*** Provided data

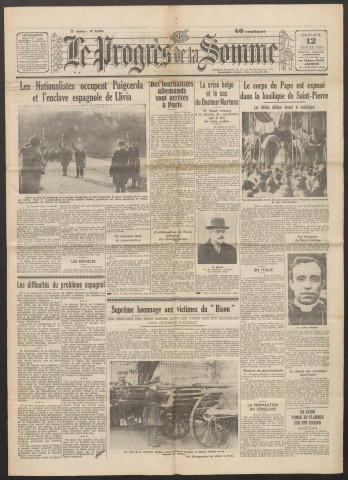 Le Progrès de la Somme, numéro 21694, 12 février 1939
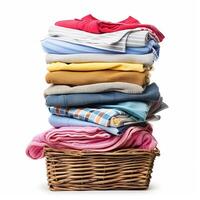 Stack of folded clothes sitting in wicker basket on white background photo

******
*** Provided data

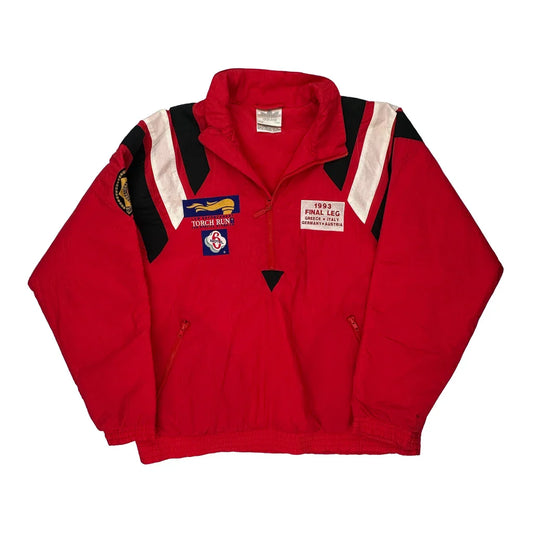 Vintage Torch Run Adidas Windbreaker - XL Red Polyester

******
*** Provided data

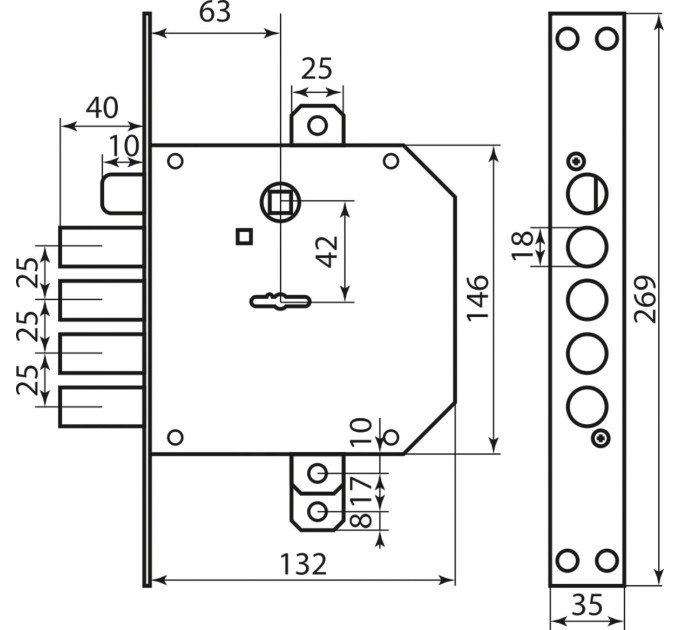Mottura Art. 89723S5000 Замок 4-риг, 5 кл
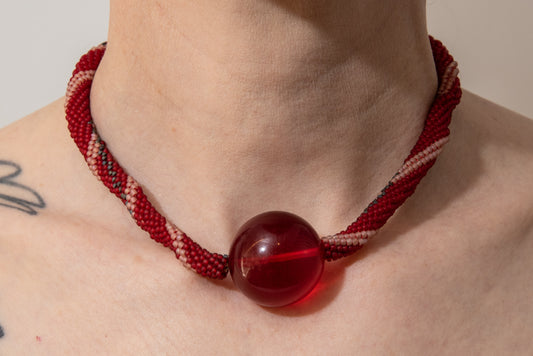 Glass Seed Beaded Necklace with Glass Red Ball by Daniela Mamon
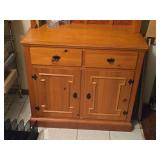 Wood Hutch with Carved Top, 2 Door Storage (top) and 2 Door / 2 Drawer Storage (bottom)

******

* _Your instructions_
Your copy should hold only the lines above from the one containing "Le Progrès de" through the one containing "Stack of folded", exactly as written and free of pictures.

* _Response box_
 Le Progrès de la Somme, numéro 21694, 12 février 1939
 Stack of folded clothes sitting in wicker basket on white background photo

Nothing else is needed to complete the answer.